Application Question: What is the one move your counterparty has learned to expect from you — and what would it cost them if it never arrived?
The Morrígan War Doctrine Truth – 28
The Predictable Negotiator (MWD-28)
Combatting Predictability in the Age of AI
Your counterparty is not just listening to what you say — they are cataloguing how you negotiate.
Every time you open with the same anchor, concede at the same threshold, or fall silent at the same pressure point, you are not just making a deal. You are teaching. You are demonstrating the shape of your tactics, the sequence of your moves, the exact conditions under which you will yield or hold. The first time, it is a negotiation. The second time, it is a pattern. By the third time, it is a script — and the other side has already read it.
This is not a failure of intelligence. It is a failure of variation. Most people negotiate from a fixed repertoire — a small set of approaches that worked once and became default. The anchor they always open with. The silence they deploy when they want to create pressure. The concession they offer when they sense the deal is close to breaking. These are not bad tactics. They are effective tactics.
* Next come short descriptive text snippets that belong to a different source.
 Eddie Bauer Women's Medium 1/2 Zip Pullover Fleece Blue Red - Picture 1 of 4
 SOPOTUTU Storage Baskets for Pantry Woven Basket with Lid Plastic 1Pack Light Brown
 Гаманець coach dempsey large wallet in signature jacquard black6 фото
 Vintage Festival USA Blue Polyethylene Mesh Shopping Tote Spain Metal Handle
The problem is that effectiveness, repeated without variation, becomes predictability. And predictability, in any exchange where someone is paying attention, becomes a liability.
Consider what the other side accumulates across multiple interactions. Not just the outcome of the last deal — the behavioral data behind it. They know you always anchor high and then move. They know you respond to silence with a counteroffer rather than holding your position. They know that when you mention a deadline, it is usually real, and when you mention a competing offer, it usually is not. They have not studied you deliberately. They have simply paid attention to enough exchanges to build a working model. And now they are not negotiating against your position. They are negotiating against your pattern.
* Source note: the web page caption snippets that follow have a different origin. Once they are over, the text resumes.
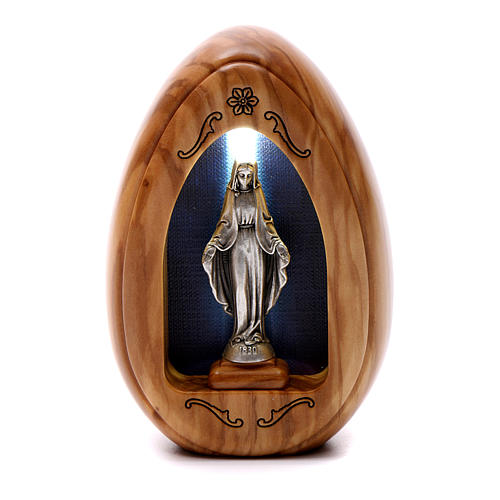 Photophore en bois d'olivier Vierge Miraculeuse avec led 10x7 cm 1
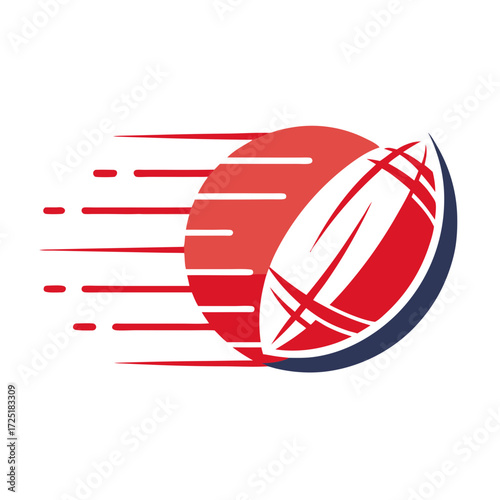 Dynamic rugby ball hurtling through the air with speed lines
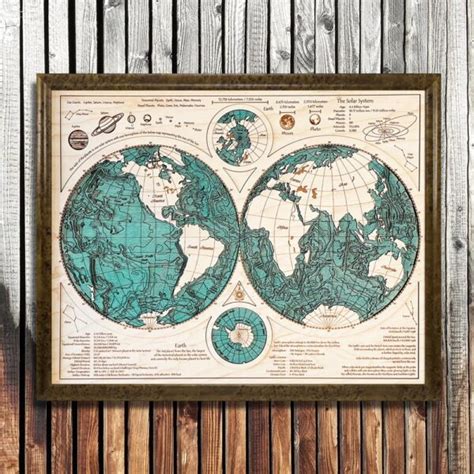 Wooden World Map Wall Art Laser Engraved Natural Printed Map Home Décor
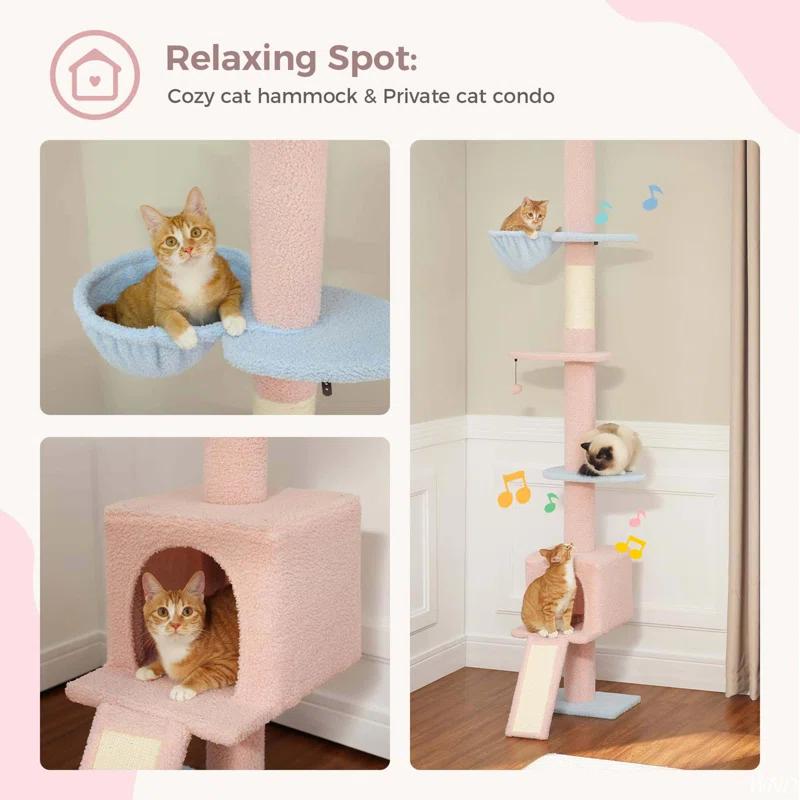 Adjustable Height Floor To Ceiling 5-Tier Tall Cat Tree Tower For Indoor Cats With Cat Condo, Cat Scratching Post And Cat Ladder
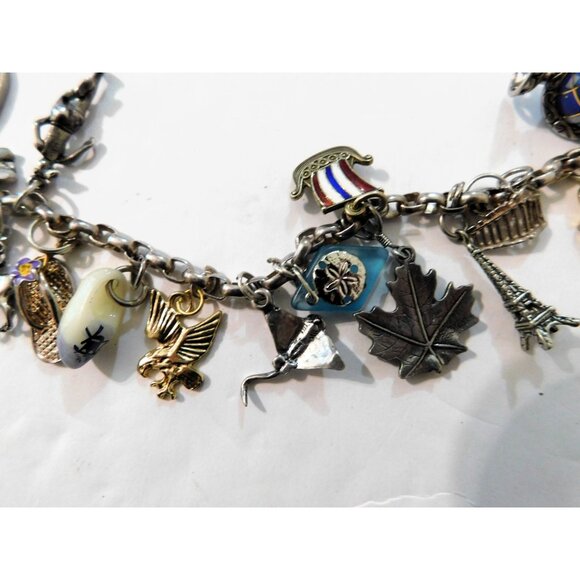 Vintage World Travel Charm Necklace 51 Unique Charms Sterling Silver Mixed Metal - Picture 12 of 15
In the age of AI, this dynamic is no longer limited to experienced counterparties with long memories. Systems that process negotiation transcripts, communication patterns, and behavioral data can construct that model from far fewer interactions — and with far greater precision. The pattern you repeat across three conversations may be enough. The tactic you rely on in every high-stakes exchange is already a known variable. What was once a learned advantage becomes, at scale, a predictable input.
This is the asymmetry that the doctrine names: you are negotiating in real time, while the model being used against you was built across every prior exchange. You arrive with your best move. They arrive with a counter to your best move, already prepared. The gap between those two positions is not intelligence or experience. It is the cost of repetition. Every time you varied nothing, you narrowed the distance between your tactics and their preparation. By the time you reach the table, the negotiation may already be over.
The Morrígan does not negotiate from a fixed script. She reads the field before she moves on it. Where others arrive at the table with a strategy — a sequence of moves prepared in advance — she arrives with a range. She knows the tactic she will use, but she has not decided which one until she has read the room. The anchor, the silence, the concession, the hard stop — each is available to her, and none is automatic. What she deploys depends on what the moment requires, not on what worked last time. This is not improvisation. It is preparation at a higher order: not preparing the move, but preparing the capacity to choose the move.
The distinction matters because it is the difference between a negotiator who is effective and a negotiator who is uncatalogued. The effective negotiator wins deals. The uncatalogued negotiator wins deals and remains unreadable — which means the next deal begins on different terms. The counterparty cannot prepare a counter to a move they cannot predict. They cannot neutralize a tactic they have not yet seen. Every time you vary your approach, you reset the model. You force the other side to negotiate in real time rather than from a prepared script of their own.
What you lose when the pattern governs is not just individual deals. You lose the element of surprise — which, in any exchange where leverage matters, is one of the most valuable assets you hold. A negotiator who can be anticipated has already surrendered a portion of their leverage before the conversation begins. The other side has already prepared the counter. The move you were planning to make has already been neutralized. You are not negotiating. You are executing a script that both sides have already read.
Closing Directive: Before your next negotiation, identify the tactic you always use — and set it aside. Not permanently. Just this once. Use the move that is least expected from you, and watch what the other side does when the script they prepared does not arrive. That moment of recalibration is the space where your leverage lives.
Vantage Point
Standing here, you can finally see the negotiation that was never about the terms. It was about the pattern — yours, mapped and prepared against before you arrived. The moment you varied the approach, the prepared counter had nothing to land on. What you are looking at now is not a better deal. It is the evidence that the model they built of you just became obsolete. The next table begins with no map. That is the only position from which you negotiate on your own terms.